Once upon a time in Babilonia
Paolo et Vittorio Taviani, en bons bâtisseurs, jettent des ponts entre les cultures, entre les arts. Tout en s’inscrivant dans l’Histoire, celle du film Intolérance réalisé par D.W. Griffith en 1916, les frères cinéastes posent un discours lucide et pertinent sur la force collective qui a permis aux cathédrales, mais aussi aux chefs-d’œuvre cinématographiques de voir le jour. En exposant ce fait authentique, ils créent un révélateur social : comment pourrait-on réaliser un grand film sans l’apport essentiel d’une équipe aux multiples talents ?
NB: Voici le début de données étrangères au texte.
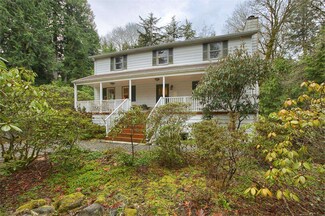 17135 Kinnear Rd NE, Bainbridge Island, WA 98110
Cette richesse, bon nombre de pays – et particulièrement les États-Unis – l’ont trouvée dans l’héritage parfois ancestral des communautés qui les peuplent. Les frères Taviani nous rappellent que la culture, artistique ou autre, est une question de transmission. Et que celle-ci se construit donc avec le temps. C’est en voyant le film Cabiria que Griffith comprend que, sans le génie artistique des artistes italiens, son film n’aura pas l’impact escompté. Cette forme d’atavisme artisanal n’est pas présente chez les membres de l’équipe du film qui entrevoient leur travail de façon plus pragmatique (empirique même) que spontanée.
Perçu par les populations migrantes comme une terre d’espoir, le pays de tous les possibles, le Nouveau Monde n’est en fait – toujours au XXe siècle – qu’un désert. Et c’est bien sur une terre aride que Andrea et Nicola, fraîchement débarqués de leur Italie natale, vont voir leur statut d’artisans se muer en celui de garçons porchers. Car dans cette jeune nation, tout reste à construire. Y compris la mémoire, l’héritage des générations se transmettant culture et savoirs.
Leur chance viendra du Cinéma qui, à l’instar des États-Unis, est une forme artistique en plein essor dont l'histoire reste à écrire. Cette aventure nouvelle et enthousiasmante va se bâtir sur les compétences et le patrimoine culturel que les deux frères (mais aussi les autres membres de l'équipe) ont à offrir à ce projet commun.
À travers ce témoignage, les frères Taviani rendent également hommage à ce Hollywood des premiers temps où le savoir-faire des uns s'est greffé à l'ingéniosité et à l'esprit de découverte des autres.